The friction between the brake linings and the drum causes the drum to stop rotating, thereby the wheel to stop. When you release the brake pedal, the retracting springs bring the brake shoes back to their original position. This results in a gap between them and the drum and to again spin it freely.

2. Hydraulic:

The hydraulic Drum brake system such as in cars is a bit superior to a mechanical one. In this design, the hydraulic wheel cylinder replaces the cam. In the hydraulic system, instead of a cam, the wheel cylinder’s pistons push the brake shoes outward. The brake shoes fit on the anchor plate or braking plate. It holds the brakes system parts together and on to the car’s axle. When you press the brake pedal, the oil in the brake master cylinder multiplies the hydraulic force sent to the wheel cylinders. Thus, it causes its pistons to push outwards. The pistons, in turn, cause the brake shoes to expand and rub against the drum. The friction between the brake linings and the drum causes the drum to stop rotating, thereby the wheel to stop.

3. Pneumatic assisted:

The third type – pneumatic assisted Drum-brake system; actuated by air-pressure, which works on the same principle of that of the mechanical Drum brake system. It is also operated by a bigger size cam or the ‘S’ shaped cam and is popularly known as the “S-Cam” brake system. However, high-pressure compressed air actuates a pneumatic piston which turns the cam. Mostly the medium to heavy commercial vehicles use this type of drum brake system.

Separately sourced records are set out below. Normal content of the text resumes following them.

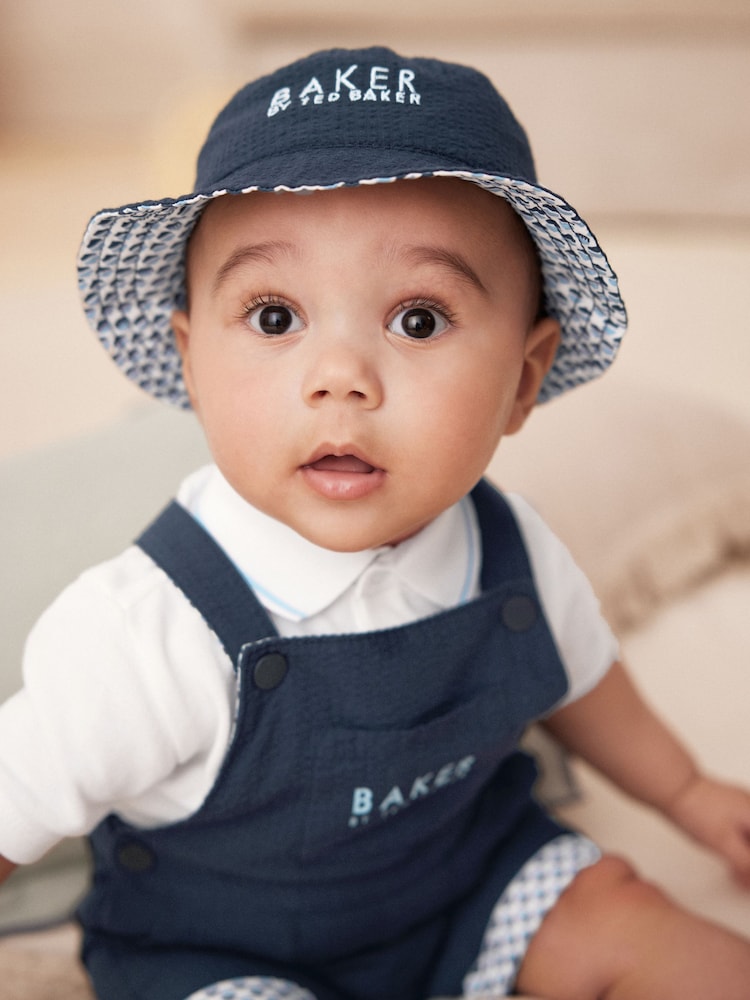 Baker by Ted Baker Seersucker Dunagrees, Polo and Hat Set - Image 4 of 13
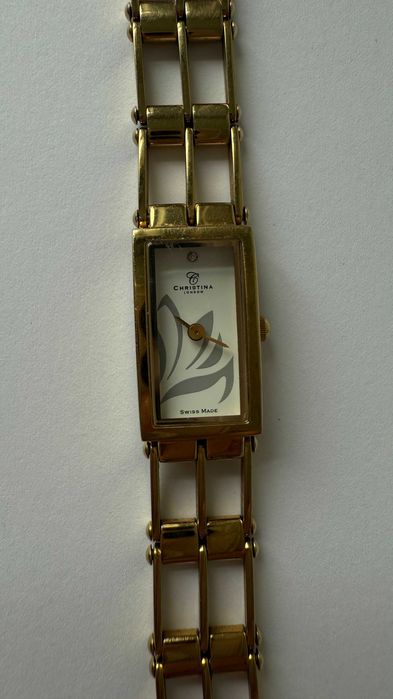 Годинник жіночий браслет Швейцарія CHRISTINA 107GW-W з діамантами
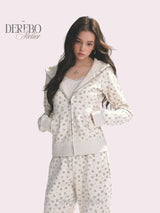 Floral Loose Hoodie Training Set(PANTS)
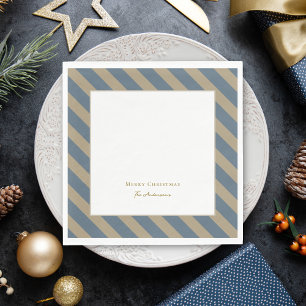 Simple Minimalist Blue and Beige Merry Christmas Napkins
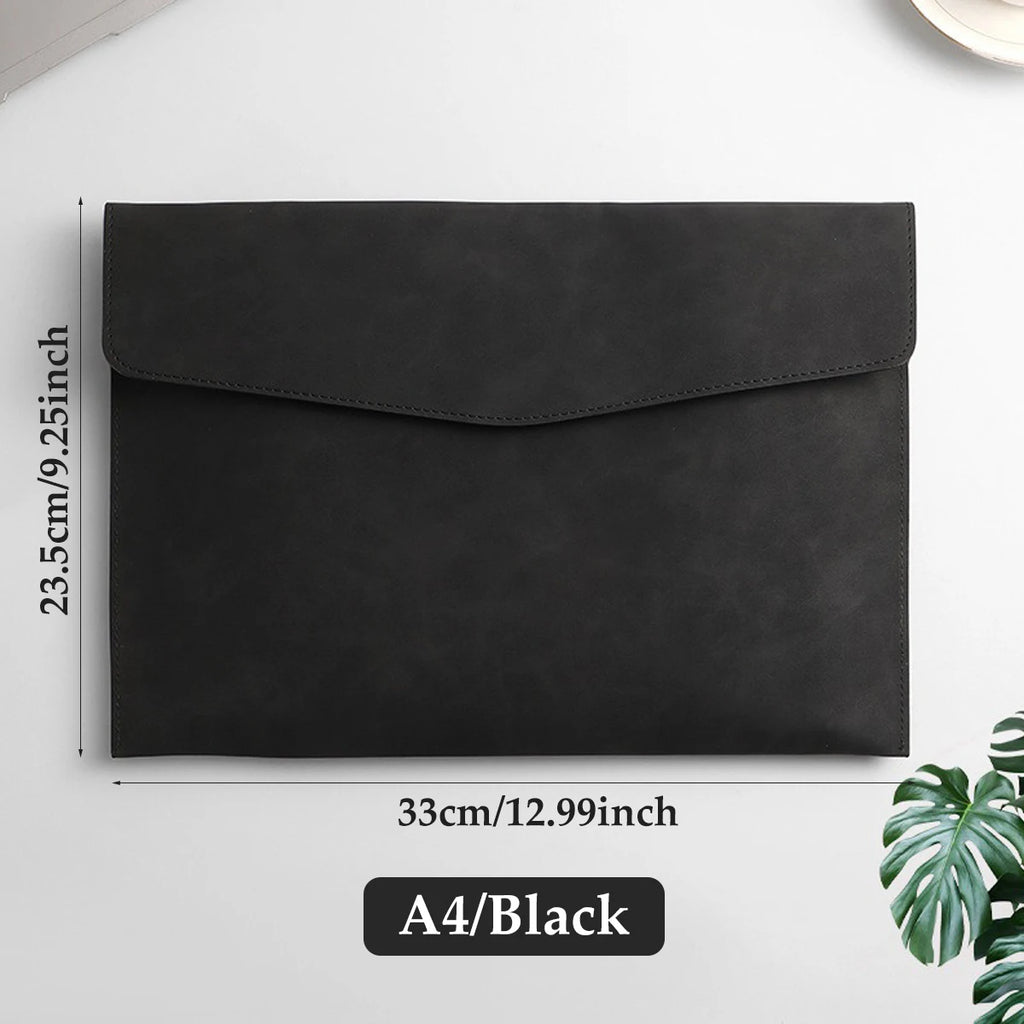 1pcs Leather A4/A5 File Bag Waterproof Wear-resistant Ultra-large Capacity Folder Business Office School File Storage Supplies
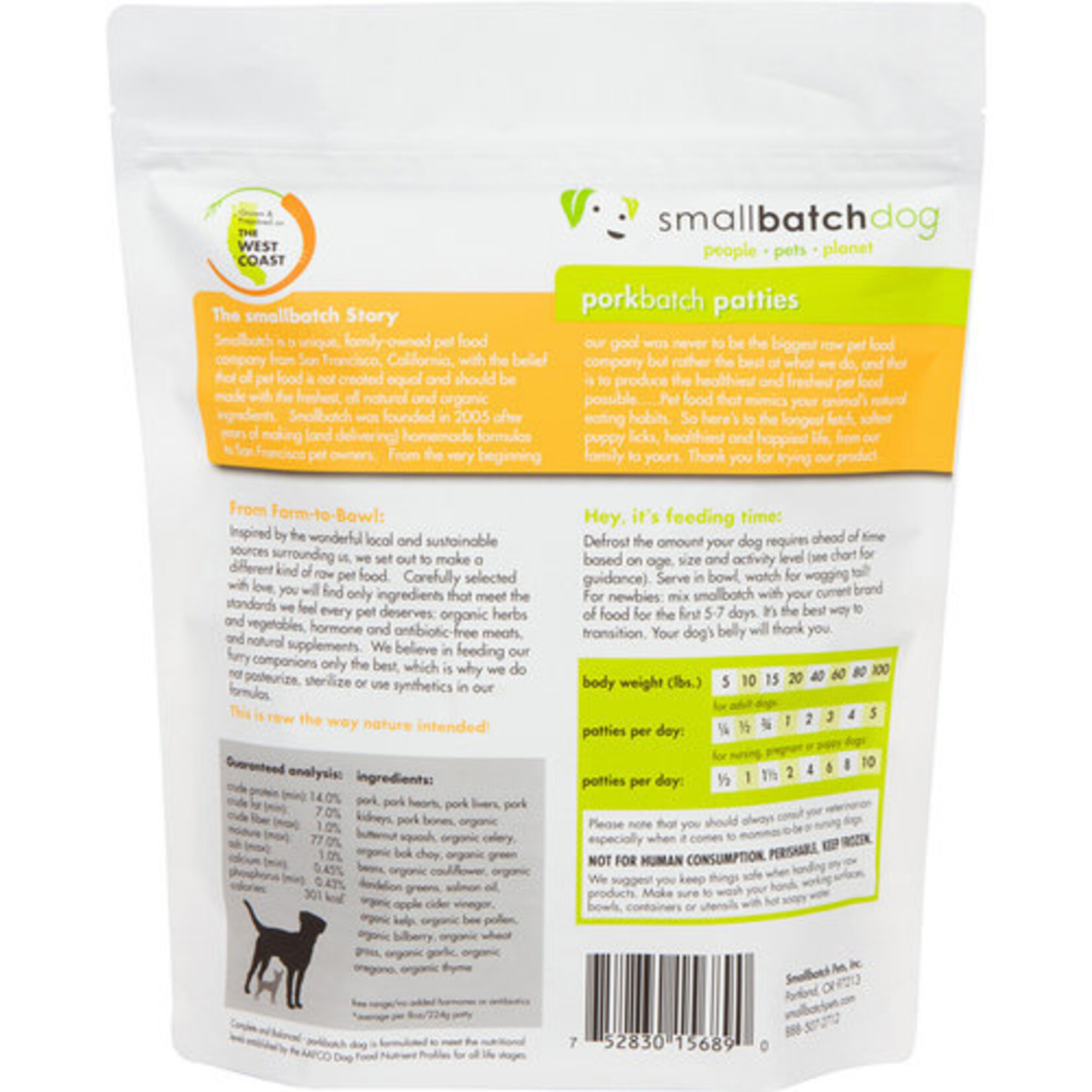 Small Batch Small Batch Dog Pork Patties Frozen 18lbs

1. Leading/trailing shoe type drum brake

«Leading (or primary) shoe» is a term referring to the shoe that moves in the direction of rotation when it is being pressed against the drum. The other shoe is called the “trailing (secondary) shoe.” The leading shoe is pressed in the same direction as the rotation of the drums, and this rotation helps to press the shoes against the drum with greater pressure for stronger braking force. This is called the servo effect (self-boosting effect) which realizes the powerful braking forces of drum brakes.

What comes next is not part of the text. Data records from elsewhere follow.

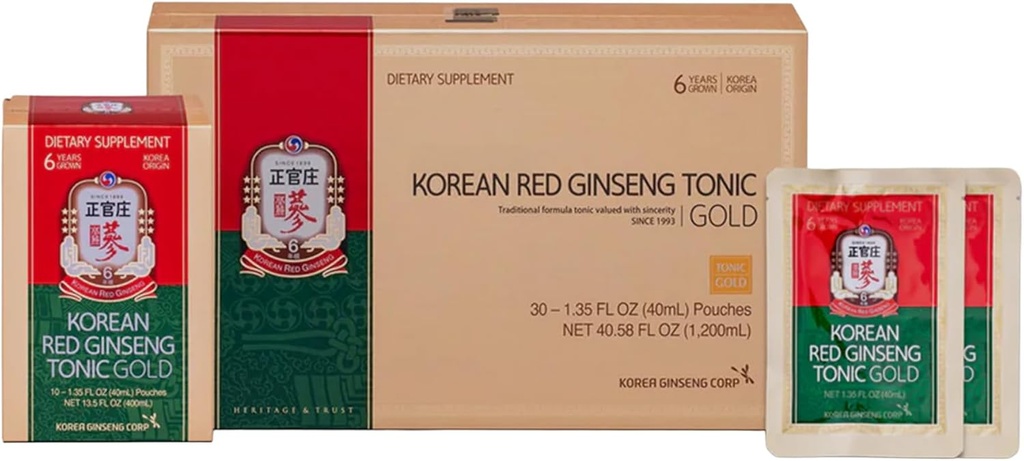 הקוריאנית Red גינזנג Tonic Goldאסיאתי Panax גינזנג לחלץ Tonic- 30 משקאות Pouches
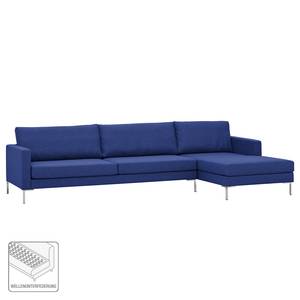 Ecksofa Portobello Webstoff Stoff Ramira: Blau - Breite: 293 cm - Longchair davorstehend rechts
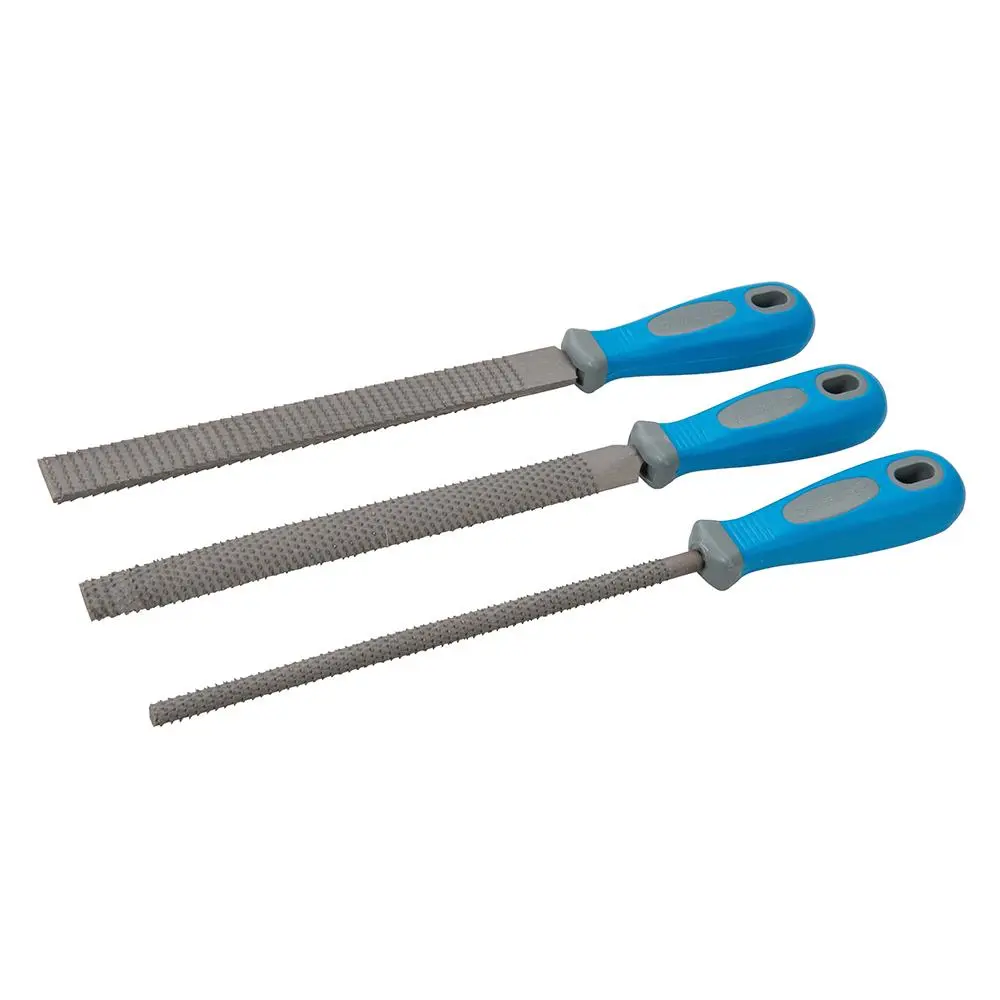 Silverline 3 Piece Rasp File Set Flat Half-Round & Round Wood Hardened - Image 2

Structurally, it has a wheel cylinder housing a piston with which hydraulic pressure is generated to push the two shoes against the drum’s inner surface.

The two shoe function in a way they both become either the trailing shoe or leading shoe depending on whether the vehicle is traveling forward or backward. Drum brakes generate consistent braking force whether the vehicle travels forward or backward. This is because drum brakes generate the same braking force in either direction. Generally, this type is used for the rear brakes of passenger cars.

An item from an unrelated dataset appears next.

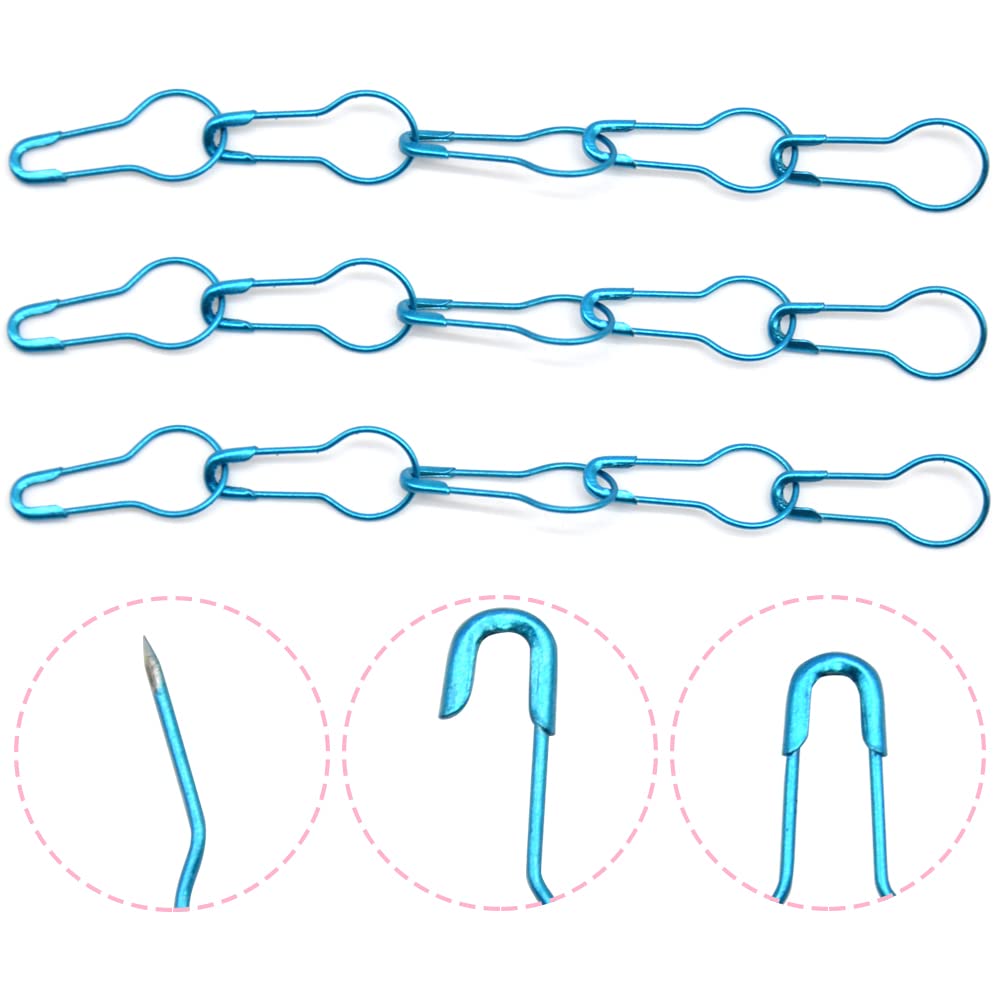 Hocansen 1000 Pcs Safety Pins 22mm Bulb Pin Metal Knitting Pins Calabash Crochet Stitch Markers Gourd Sewing Pin for Crocheting Clothing Tag DIY Craft ProjectSky Blue/BZ-HL - Image 3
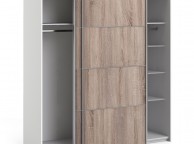 FTG Verona White And Truffle Oak Sliding Door Wardrobe (180cm 5 x Shelf) Thumbnail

2. Twin leading shoe type drum brake

This type of drum brake has two-wheel cylinders and two leading shoes. Each wheel cylinder presses on one shoe so that both shoes act as leading ones when the vehicle moves forward, providing superior braking force.
Each of the pistons housed in the wheel cylinders displaces in one direction, so when the vehicle is in reverse both shoes act as trailing ones. This type is used mainly for the front brakes of small-to-mid-sized trucks.
The dual twin leading shoe type has pistons that displace in both directions, making it possible for both shoes to act as leading ones, regardless of the direction of travel. This type is mainly used for the rear brakes of small-to-mid-sized trucks.

3. Duo-servo type drum brake

The duo-servo type features a structure where two brake shoes, called the primary shoe and secondary shoe, are linked via an adjuster. Strong pressure from the servo effect (self-boosting effect) of the primary shoe is transmitted to the linked secondary shoe, thus generated a very large braking force.
This type is mainly used for parking brakes on passenger cars, the center brakes on trucks, and brakes on forklifts.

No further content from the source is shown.